Come da copione il presidente del Consiglio, Matteo Renzi, è salito al Quirinale dove ha formalizzato le sue dimissioni, conseguenza della sconfitta al referendum del 4 dicembre. Il premier ha lasciato il Colle dopo un colloquio di quasi tre quarti d’ora con il Capo dello Stato. Domani, giovedì 8 dicembre, avranno inizio le consultazioni a partire dalle ore 18:00.
Nel pomeriggio il Senato ha approvato in via definitiva la legge di Stabilità. In tempi record, come auspicato dal presidente della Repubblica, Sergio Mattarella, che aveva chiesto al premier di congelare il passo indietro sino all’ok alla manovra, per evitare il rischio di esercizi provvisori. Il testo, su cui il governo aveva posto la questione di fiducia, è stato licenziato con 166 sì, 70 no e un astenuto. “Legge di bilancio approvata. Alle 19 le dimissioni formali. Un grazie a tutti. Evviva l’Italia” aveva twittato Renzi dopo l’ok di Palazzo Madama.
La posizione di Renzi è chiara: o un governo di responsabilità nazionale sostenuto dalle principali forze politiche o le urne. Quest’ultima possibilità ha però incontrato le resistenze di Mattarella, che considera “inconcepibile indire elezioni prima che le leggi elettorali dei due rami del Parlamento vengano rese omogenee”. Insomma secondo il Colle andare al voto con l’Italicum alla Camera (sia pur dopo l’intervento della Corte Costituzionale) e con il Consultellum al Senato non è una soluzione accettabile. Con buona pace di Lega e M5s, che hanno fretta di andare alle Urne. E dello stesso Renzi che, pur sconfitto, può contare ancora sul sostegno del 40% degli italiani. Un peso elettorale che il segretario Pd farà valere nel confronto con la minoranza dem.

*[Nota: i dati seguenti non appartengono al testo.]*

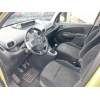 Recambio de carroceria para citroën c3 picasso (sh_) 1.6 hdi referencia OEM IAM   
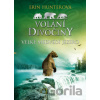 Volání divočiny: Velké Medvědí jezero - Erin Hunter
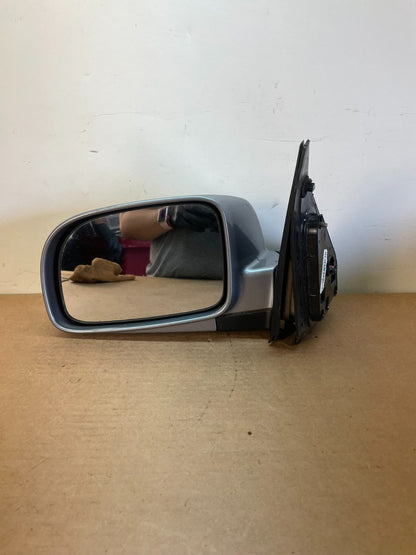 2007 to 2012 Hyundai Santa Fe Left Driver LH Side View Mirror Power AF8644 DG8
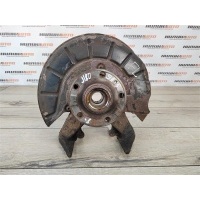 Кулак поворотный левый SKODA Octavia A5 1Z Шкода Октавия А5 SKODA Octavia A5 1Z 1K0407255T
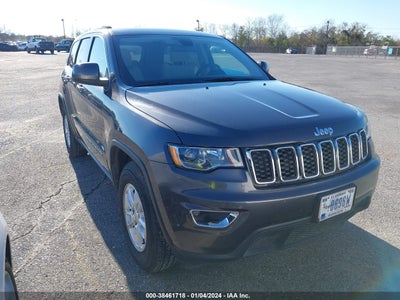 Jeep Grand cherokee 2019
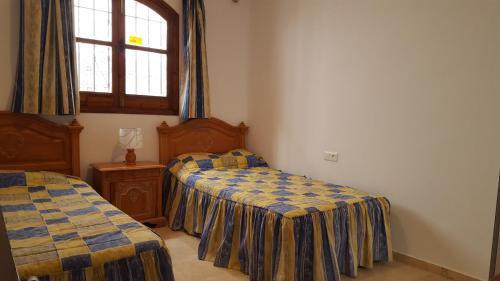 El Capistrano Sur Nerja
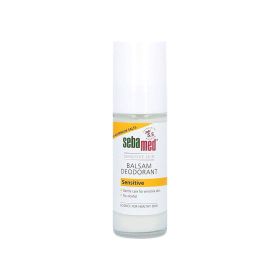 Sebamed Balsam Sensitive Deodorant Roll On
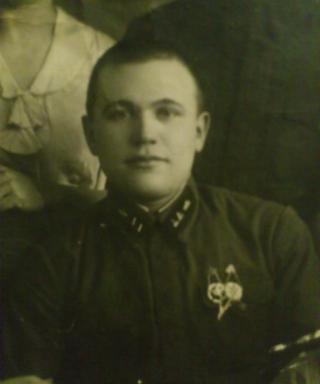 Трунов Александр Прокофьевич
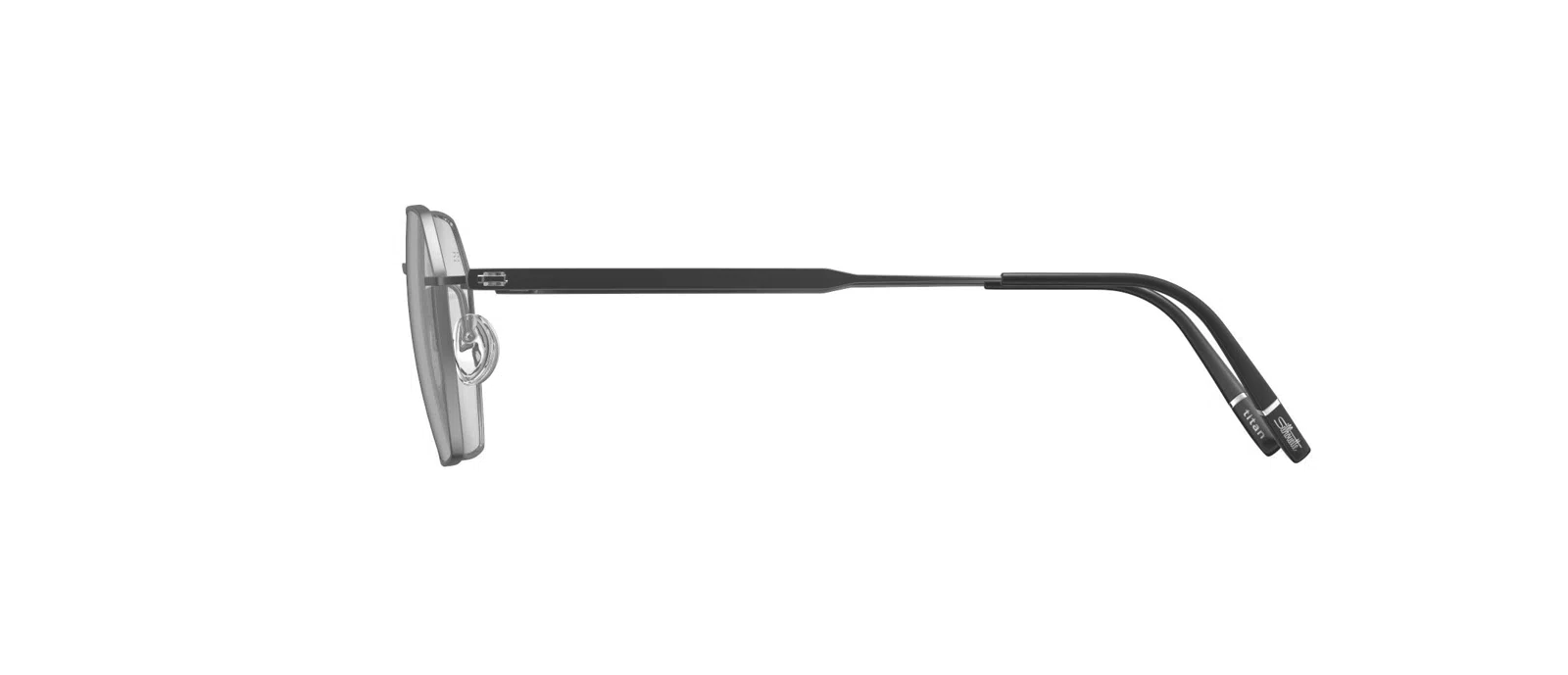 Silhouette Pure Visionary 5588 Eyeglasses - view 29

Mattarella, in ogni caso, rinvierà ogni decisione all’esito delle consultazioni, che dovrebbero iniziare il 9 dicembre, dopo la festa dell’Immacolata. Ascoltando tutte le forze politiche che siedono in Parlamento capirà se esistono i presupposti per un governo delle larghe intese, buono per il varo di una legge elettorale unitaria. A favore del Quirinale gioca il prolungamento dei tempi per la decisione della Consulta sull’Italicum, annunciata per l’udienza del 24 gennaio. Lo slittamento esclude la possibilità di votare già a febbraio, che era stata paventata, tra gli altri, dal ministro dell’Interno Alfano.